◆ Problem to solve ◆
Print exactly the line that contains "Living room with", then every following line through the end of the material; include nothing else and no pictures.

*** Opening of Provided records ***

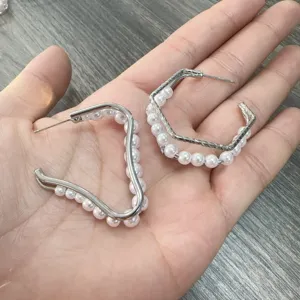 Stijlvolle geometrische oorbellen met parels en een uniek asymmetrisch ontwerp voor dames.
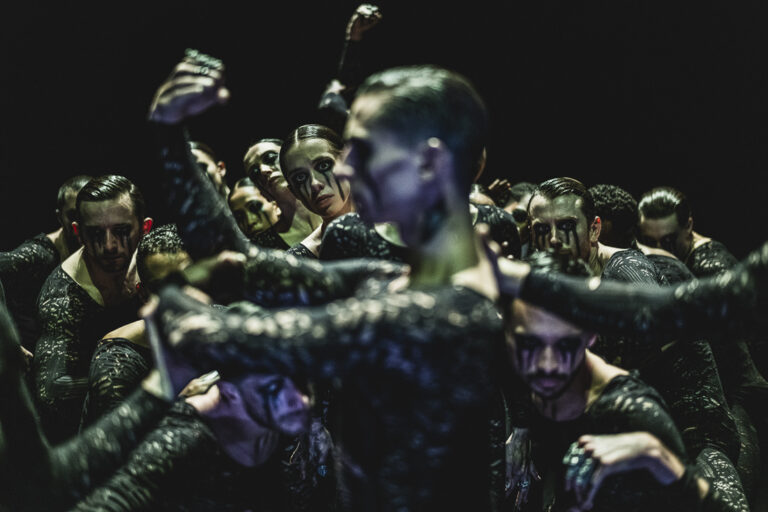 Een groep dansers met een donkere, glimmende huid, die een intense pose aanneemt op een donkere achtergrond.
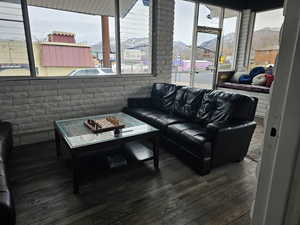 Living room with a mountain view and dark hardwood / wood-style floors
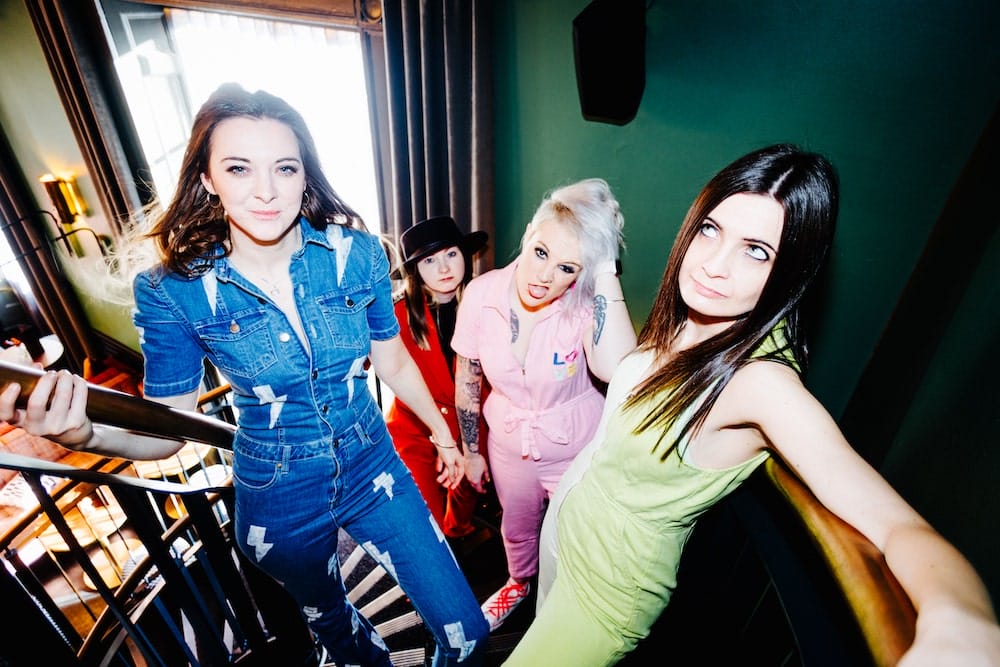 Vier Frauen der Band „The Hot Damn!“ in bunten Outfits auf einer Treppe, Thoe Hot Damn!, Schwalmtal Direkt aus England nach Schwalmtal: The Hot Damn! performt auch in Nordhessen. | (c) The Hot Damn!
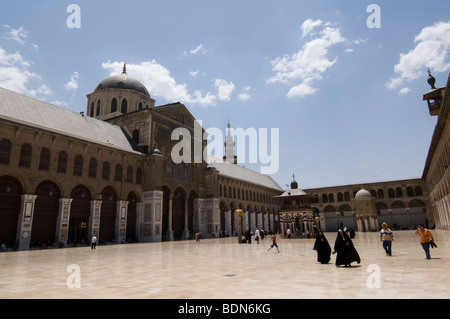 Veiled women in black and casually dressed men walk through the courtyard of the Umayyad Mosque (Grand Mosque of Damascus), carr Stock Photo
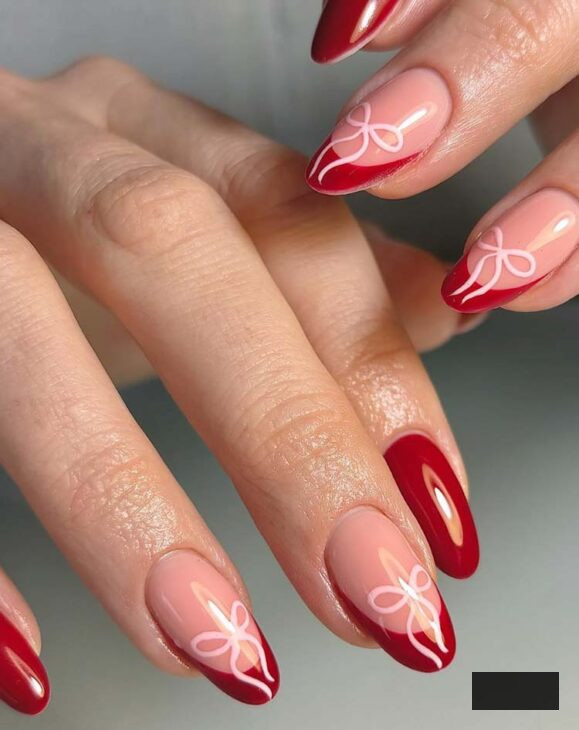 minimalistic scarlet nails with fuchsia bows for Christmas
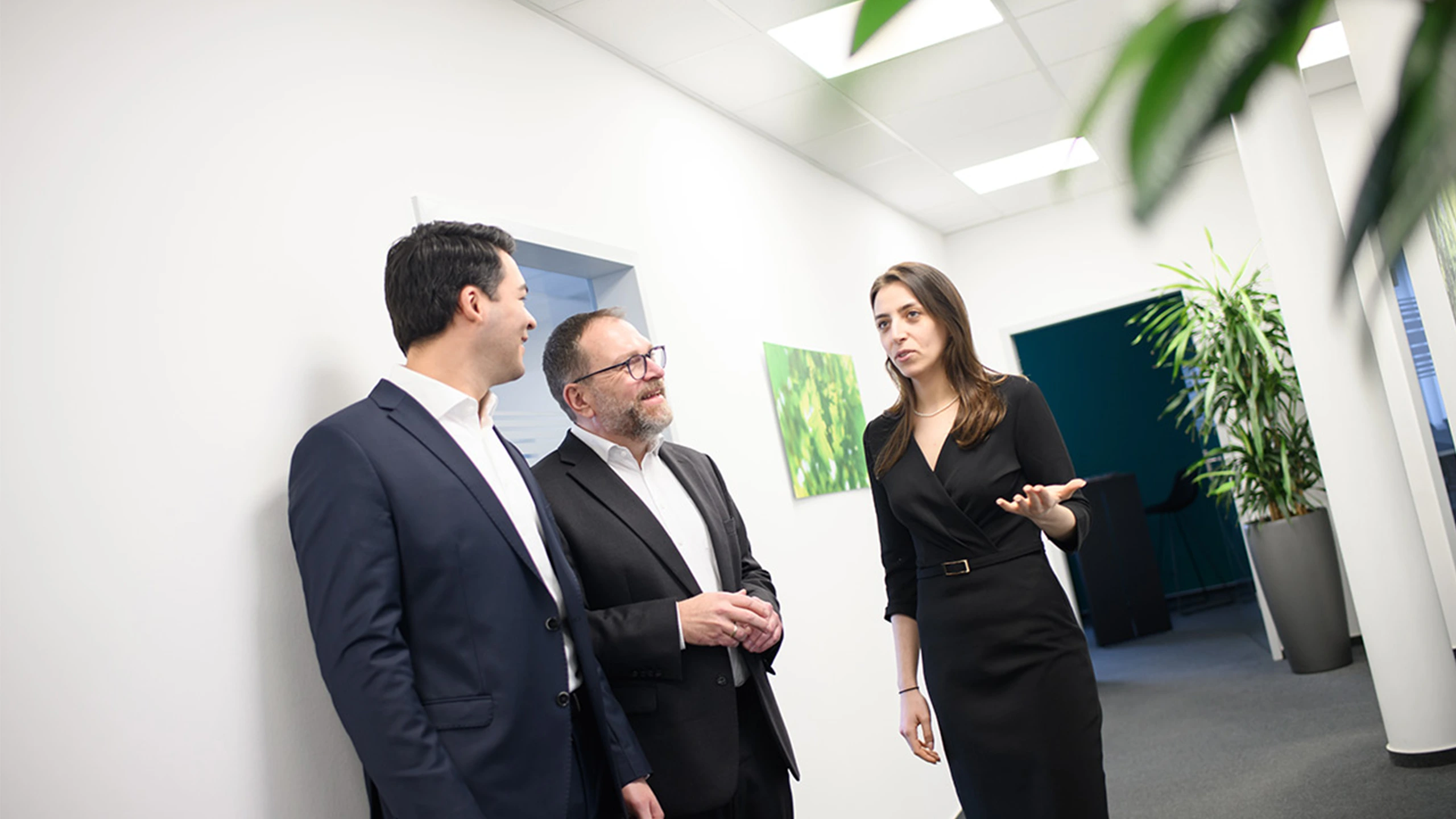 Drei Mitarbeitende vom Impact Investor Abacus Alpha stehen auf dem Flur des modernen, hellen Bürogebäudes.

*** Close of Provided records ***

◆ Task response ◆
 Living room with a mountain view and dark hardwood / wood-style floors
 Vier Frauen der Band „The Hot Damn!“ in bunten Outfits auf einer Treppe, Thoe Hot Damn!, Schwalmtal Direkt aus England nach Schwalmtal: The Hot Damn! performt auch in Nordhessen. | (c) The Hot Damn!
 Veiled women in black and casually dressed men walk through the courtyard of the Umayyad Mosque (Grand Mosque of Damascus), carr Stock Photo
 minimalistic scarlet nails with fuchsia bows for Christmas
 Drei Mitarbeitende vom Impact Investor Abacus Alpha stehen auf dem Flur des modernen, hellen Bürogebäudes.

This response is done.